Accuracy works best when you have symmetric datasets where false positives and false negatives are equally undesirable. For imbalanced datasets, accuracy can fail to capture how well the model is actually performing.
Precision and Recall
Two other useful metrics are precision and recall. Precision refers to the proportion of positive predictions that are actually correct. Recall refers to the proportion of actual positive instances that are correctly predicted positive. They are defined as:
precision = true_positives / (true_positives + false_positives)
recall = true_positives / (true_positives + false_negatives)
Scikit-learn provides the precision_score
and recall_score
functions to calculate these metrics:
from sklearn.metrics import precision_score, recall_score
precision = precision_score(y_true, y_pred)
recall = recall_score(y_true, y_pred)
For classification problems where false negatives or false positives are more detrimental, looking at precision and recall separately can provide a more nuanced view of performance than just accuracy.
F1 Score
The F1 score combines precision and recall into a single metric by taking their harmonic mean. It provides a balance between precision and recall and is commonly used as a summary metric for classifiers, particularly when there is an uneven class distribution.
The F1 score is calculated as:
F1 = 2 * (precision * recall) / (precision + recall)
And can be computed in scikit-learn using f1_score
:
from sklearn.metrics import f1_score
f1 = f1_score(y_true, y_pred)
F1 scores range from 0 to 1, with higher scores indicating better performance. It is a useful metric for imbalanced datasets or when false positives and false negatives have different costs.
ROC AUC
For binary classification problems, another common metric is the ROC AUC score. ROC stands for Receiver Operating Characteristic, and AUC stands for Area Under the Curve. The ROC curve is a plot of the true positive rate against the false positive rate as the classification threshold varies. The AUC score summarizes the curve as the total area underneath it. A perfect classifier will have an AUC of 1, while a purely random classifier will have an AUC of around 0.5.

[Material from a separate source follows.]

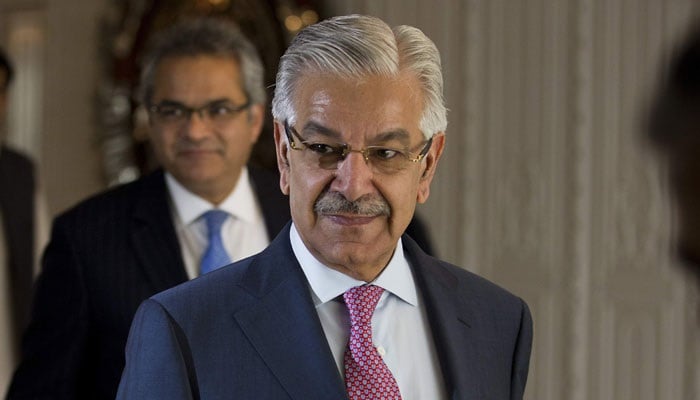 Defence Minister Khawaja Asif smiles as he looks on duing an event. — APP/File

Scikit-learn provides roc_auc_score
to calculate this metric:
from sklearn.metrics import roc_auc_score
roc_auc = roc_auc_score(y_true, y_pred)
ROC AUC is useful when you need to evaluate and compare multiple binary classifiers. It captures how well the models are able to distinguish the positive and negative classes overall.
Conclusion
Metric | Description | Best Use Case |
---|---|---|
Accuracy | Number of correct predictions divided by the total number of predictions | Symmetric datasets where false positives and false negatives are equally undesirable |
Precision | Proportion of positive predictions that are actually correct | Classification problems where false positives are more detrimental |
Recall | Proportion of actual positive instances that are correctly predicted positive | Classification problems where false negatives are more detrimental |
F1 Score | Harmonic mean of precision and recall, providing a balance between the two | Imbalanced datasets or when false positives and false negatives have different costs |
ROC AUC | Summarizes the ROC curve as the total area underneath it, indicating the ability to distinguish between positive and negative classes | Evaluation and comparison of multiple binary classifiers |
Evaluating classification models properly is critical for understanding their performance characteristics and selecting the right model for your application. Scikit-learn provides many useful metrics like accuracy, precision/recall, F1 score, and ROC AUC to quantify model performance on classification problems.
Consider what aspects of performance are most important for your particular use case, and select evaluation metrics accordingly. Tracking these metrics during model development can help you iteratively improve your models.